Phi Beta Cons

Academia’s Blind Spot

I’m grateful to Henry Manne, emeritus dean of the George Mason Law School, for pointing to an instance of academia’s knee-jerk hostility toward market exchange. It also illustrates academia’s excessive focus on sex and race issues even where they don’t exist.

The story is a bit complicated, and the details are exhaustively reported on InsideHigherEd, but I’ll boil them down here.

Earlier this month, Biology Online, a blog associated with Scientific American magazine, conducted an email exchange. A Biology Online staffer, “Ofek,” invited Danielle N. Lee, a postdoctoral biologist at Oklahoma State University (who writes for Scientific American’s blog) to become a blogger for Biology Online. She responded by asking if there was any pay. “Ofek” said no, and she politely declined. He replied by saying, “Because we don’t pay for bloggers? Are you an urban scientist or an urban whore?”

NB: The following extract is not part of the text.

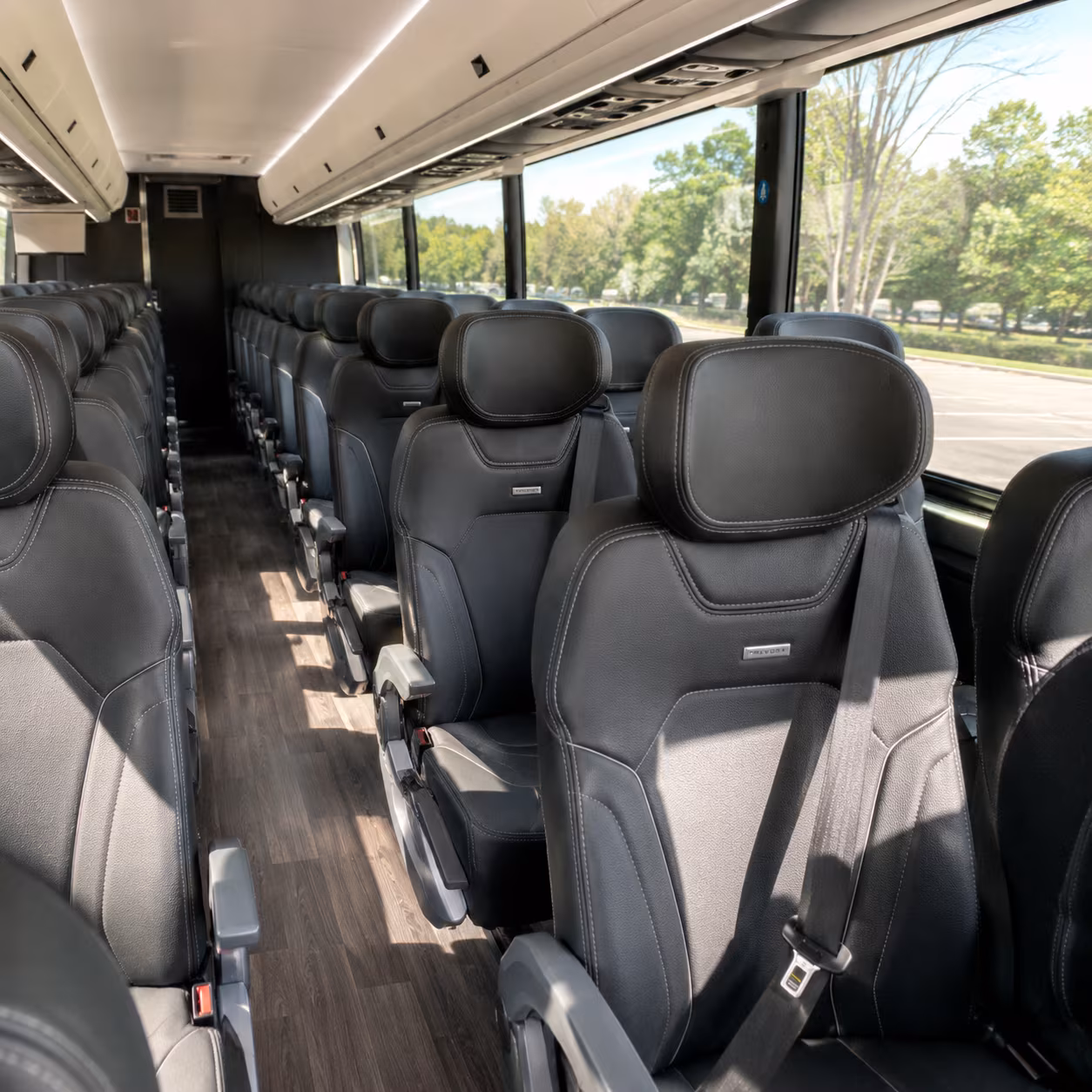 secure transportation for your next field trip 3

Needless to say, this verbiage became hot news when Lee reported it on her blog — especially when Scientific American took the post down (presumably out of embarrassment). In fact, all hell broke loose. To numerous commentators (one even started a boycott of the Scientific American site), Lee had been attacked because of the widespread disrespect of women and minorities in academia.  “We’ve got a gender problem in academia,” wrote one blogger. “Despite the impressive gains women have made relative to men at every level of educational attainment we remain a minority in academic leadership roles.”

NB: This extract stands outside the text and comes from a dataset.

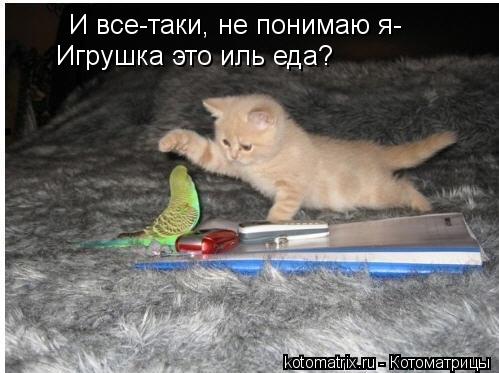 Котоматрица: Игрушка это иль еда? И все-таки, не понимаю я-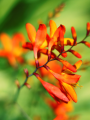 Mixed colour Crocosmia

As Henry Manne stated in his email to friends, everyone missed the point (at least everyone quoted by InsideHigherEd). No one recognized that the staff member’s response had nothing to do with her sex or race. The staffer (who has been fired) was upset because Lee “wanted to be paid in coin of the realm, the venal sin of capitalism. There is no reason that I can see to assume that gender or race had anything to do with this calumny; rather it was sheer ideological bias against the market.”

And so it goes.

Jane S. ShawJane S. Shaw retired as president of the John W. Pope Center for Higher Education Policy in 2015. Before joining the Pope Center in 2006, Shaw spent 22 years in ...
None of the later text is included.